Spiders are important to hummingbirds in another way, too. Fluffy plant parts from thistle and dandelions form much of the material that the females use to build their nests, and they use spider webs to bind those materials together lest they blow away in the wind.

Hummingbirds favor tubular flowers. Their long, slender bills are evolved to reach into flowers of those shapes, and so flowering native plants such as trumpet vine, crossvine, beebalm or the related Oswego tea, cardinal flower and other lobelias are excellent choices.

Several of these flowers can be incorporated into your landscape, or they can be grown as potted plants. Incorporating native plants can be a very rewarding way to beautify your garden while benefitting wildlife.

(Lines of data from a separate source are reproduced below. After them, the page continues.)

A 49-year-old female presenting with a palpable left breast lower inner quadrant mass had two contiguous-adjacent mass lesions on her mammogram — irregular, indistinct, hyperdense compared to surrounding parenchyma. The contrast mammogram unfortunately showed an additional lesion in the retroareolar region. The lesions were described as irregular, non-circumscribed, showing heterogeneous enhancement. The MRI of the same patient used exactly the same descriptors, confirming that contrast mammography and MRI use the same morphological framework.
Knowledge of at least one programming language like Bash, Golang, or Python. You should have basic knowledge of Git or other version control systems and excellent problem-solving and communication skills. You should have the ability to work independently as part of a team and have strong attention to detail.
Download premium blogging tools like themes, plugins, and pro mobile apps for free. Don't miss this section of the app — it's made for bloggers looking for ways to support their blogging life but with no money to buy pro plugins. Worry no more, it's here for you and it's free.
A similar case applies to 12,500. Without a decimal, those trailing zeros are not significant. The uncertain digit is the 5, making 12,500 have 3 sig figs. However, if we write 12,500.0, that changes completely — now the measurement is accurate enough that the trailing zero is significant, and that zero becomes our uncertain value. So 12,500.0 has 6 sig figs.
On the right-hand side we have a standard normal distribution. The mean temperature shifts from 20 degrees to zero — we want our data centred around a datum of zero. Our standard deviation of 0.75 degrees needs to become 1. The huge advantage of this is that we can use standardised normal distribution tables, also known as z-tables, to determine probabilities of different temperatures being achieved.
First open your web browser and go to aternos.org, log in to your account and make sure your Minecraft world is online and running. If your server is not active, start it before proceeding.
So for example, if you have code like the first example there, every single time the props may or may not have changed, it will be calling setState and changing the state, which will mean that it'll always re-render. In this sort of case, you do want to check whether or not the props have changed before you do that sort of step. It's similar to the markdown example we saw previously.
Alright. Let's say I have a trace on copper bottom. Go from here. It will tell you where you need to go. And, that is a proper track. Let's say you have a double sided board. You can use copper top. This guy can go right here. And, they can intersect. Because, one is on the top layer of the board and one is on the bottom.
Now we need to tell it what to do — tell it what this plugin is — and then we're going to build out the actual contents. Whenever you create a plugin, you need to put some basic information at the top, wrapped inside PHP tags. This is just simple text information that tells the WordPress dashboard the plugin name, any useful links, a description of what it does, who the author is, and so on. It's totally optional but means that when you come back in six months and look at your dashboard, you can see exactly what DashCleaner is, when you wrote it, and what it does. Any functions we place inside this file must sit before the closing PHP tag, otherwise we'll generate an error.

Coral honeysuckle is a lovely native flowering vine that can be grown either way — in the ground or in a pot — but avoid the common Japanese honeysuckle, as it is a highly invasive non-native plant. Invasive plants grow rapidly and crowd out the more beneficial native plants.

Visit your county’s NC Cooperative Extension Service office and pick up a copy of Butterflies in Your Backyard. Many of the tips for landscaping for butterflies apply equally to hummingbirds. This free booklet lists many more nectar-producing plants, which butterflies use them, and how to landscape your garden for best effect.

Incorporating native plants can be a very rewarding way to beautify your garden while benefitting wildlife. But, if gardening for hummingbirds is more than you care to take on, opt for the sugar water feeder. You will derive many hours of pleasure from watching these feathered jewels.

About Scott Livengood

Scott Livengood is the owner and CEO of Dewey’s Bakery, Inc., a commercial wholesale bakery with a respected national brand of ultra premium cookies and crackers.

Previously, Scott worked at Krispy Kreme Doughnuts for 27 years, starting as a trainee in 1977. He was appointed President of the company in 1992, then CEO and Chairman of the Board.

Scott has served on numerous boards including the Carter Center, the Calloway School of Business and the Babcock School of Management, Habitat for Humanity of Forsyth County, and the Winston-Salem Chamber of Commerce.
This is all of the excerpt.